Adding these changes to your last proposal, the interface looks like this:

#[derive(Copy, Clone, Debug, PartialEq, Eq)]
pub struct FormattingOptions { … }

enum Sign {
    Plus, 
    Minus
}

impl FormattingOptions {
    pub fn new() -> Self;

    pub fn sign(&mut self, sign: Option<Sign>) -> &mut Self;
    pub fn zero_pad(&mut self, zero_pad: bool) -> &mut Self;
    pub fn alternate(&mut self, alternate: bool) -> &mut Self;
    pub fn fill(&mut self, fill: Option<char>) -> &mut Self;
    pub fn alignment(&mut self, alignment: Option<Alignment>) -> &mut Self;
    pub fn width(&mut self, width: Option<usize>) -> &mut Self;
    pub fn precision(&mut self, precision: Option<usize>) -> &mut Self;

    pub fn get_sign(&self) -> Option<Sign>;
    pub fn get_zero_pad(&self) -> bool;
    pub fn get_alternate(&self) -> bool;
    pub fn get_fill(&self) -> Option<char>;
    pub fn get_alignment(&self) -> Option<Alignment>;
    pub fn get_width(&self) -> Option<usize>;
    pub fn get_precision(&self) -> Option<usize>;

    pub fn create_formatter<'a>(self, write: &'a mut (dyn Write + 'a)) -> Formatter<'a>;
    pub fn modified_formatter_from<'a>(self, write: &mut Formatter<'a>) -> Formatter<'a>;
}

impl<'a> Formatter<'a> {
    pub fn new(write: &'a mut (dyn Write + 'a), options: FormattingOptions) -> Self;
    pub fn with_options(&mut self, options: FormattingOptions) -> Self;

    pub fn sign(&self) -> Option<Sign>;

    pub fn options(&self) -> FormattingOptions;
}

Anything I forgot? Or any further feedback?

m-ou-se commented 9 months ago

I think it's better to leave out modified_formatter_from. It's hard to give it a clear name, and considering Formatter already implements Write, the difference from create_formatter is very subtle.

Other than that, this looks good to me. :)

EliasHolzmann commented 9 months ago

Thanks. After thinking a bit more about this, I believe you are right – the practical use for this method is probably too small to justify the added complexity (and the difficulty in finding a good name for it). If there is indeed any real need for this, another ACP should probably be opened for that.

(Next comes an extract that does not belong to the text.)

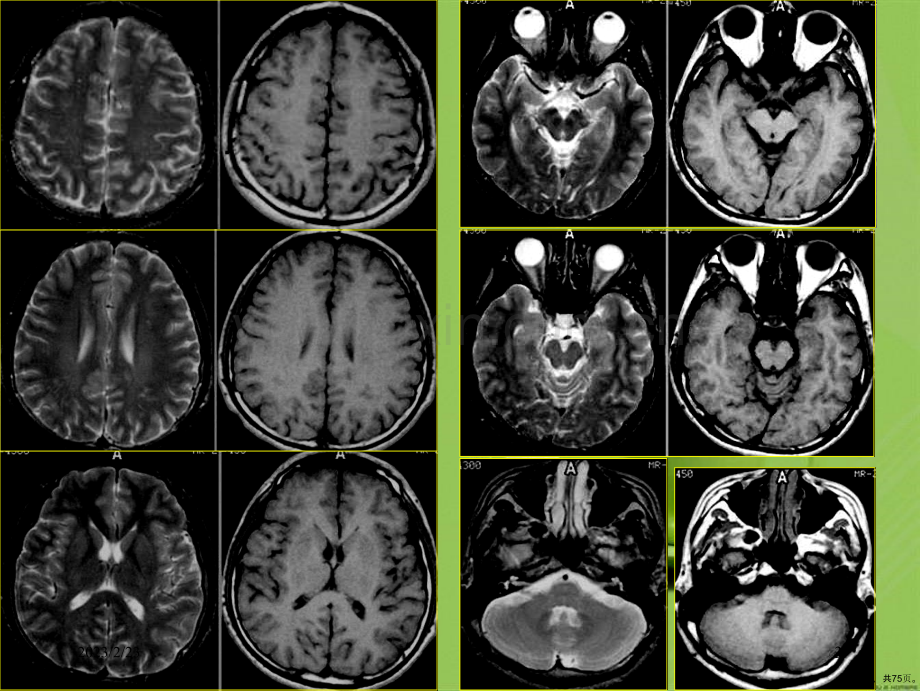 磁共振成像诊断(MRI)脑部疾病(0002).ppt_第3页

I'll hopefully find time this weekend to have a go at implementing this. Until then, should this ACP issue stay open? I'm not familiar with the process and the std-dev-guide isn't clear on that, but a search through past issues seems to indicate that ACPs are normally closed once accepted.

ThePuzzlemaker commented 7 months ago

I would like to see this approved. I came up with a solution almost exactly like this and posted it on the Rust Zulip, and you can see my motivation for it there. Basically, having this interface would simplify an over 40-line, repetitive match statement (which doesn't even cover all cases, and requires some weird handling for custom fill characters) into a simple 20-or-so line, intuitive segment of code which simply builds a fmt::Formatter. This would allow for much greater flexibility and having dynamic fill characters (without necessarily changing format! syntax) would be greatly useful to me (for this case of a runtime formatting library), and likely to others.